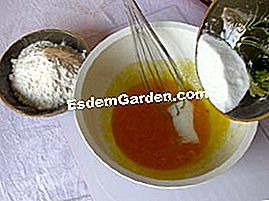 Flaugnarde dengan kiwi - (kiwi) Tambah gula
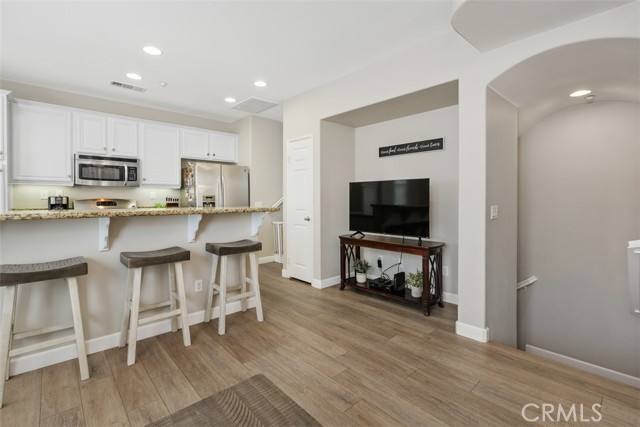 Detail Gallery Image 9 of 24 For 31207 Strawberry Tree, Temecula,  CA 92592 - 2 Beds | 2 Baths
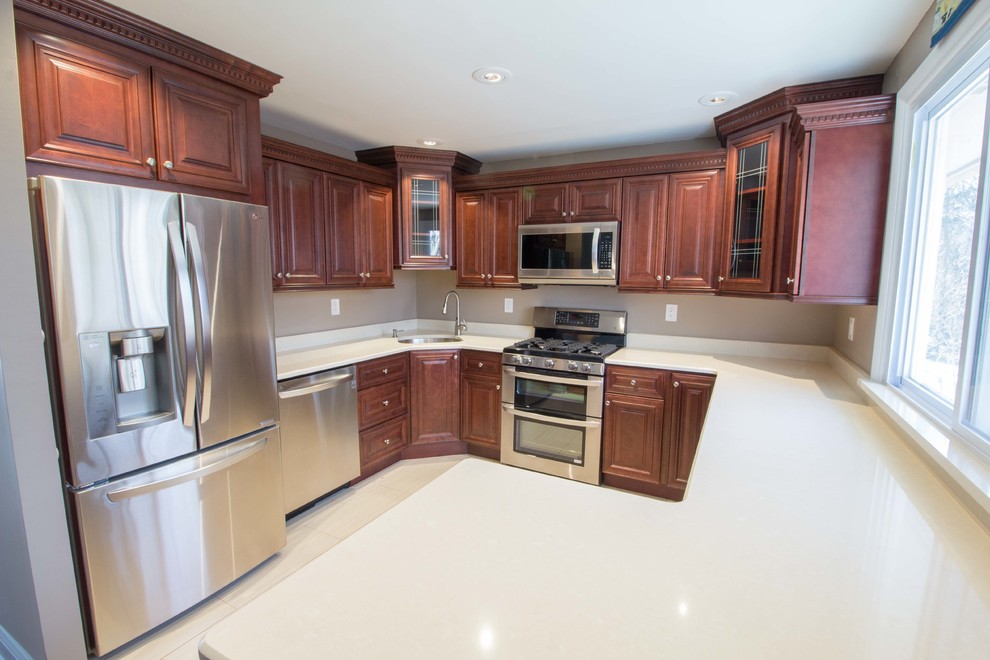 Example of a transitional kitchen design in Philadelphia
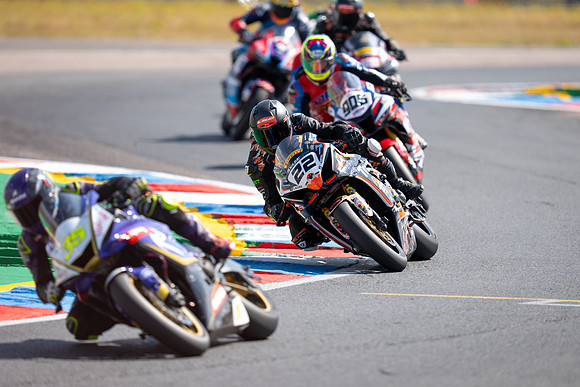 IH_NGRRC_Thruxton_101179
* * * * *
REQUIREMENT >>
Copy all the material exactly; omit images.

RESPONSE AREA >>
 Flaugnarde dengan kiwi - (kiwi) Tambah gula
 Detail Gallery Image 9 of 24 For 31207 Strawberry Tree, Temecula,  CA 92592 - 2 Beds | 2 Baths
 Example of a transitional kitchen design in Philadelphia
 IH_NGRRC_Thruxton_101179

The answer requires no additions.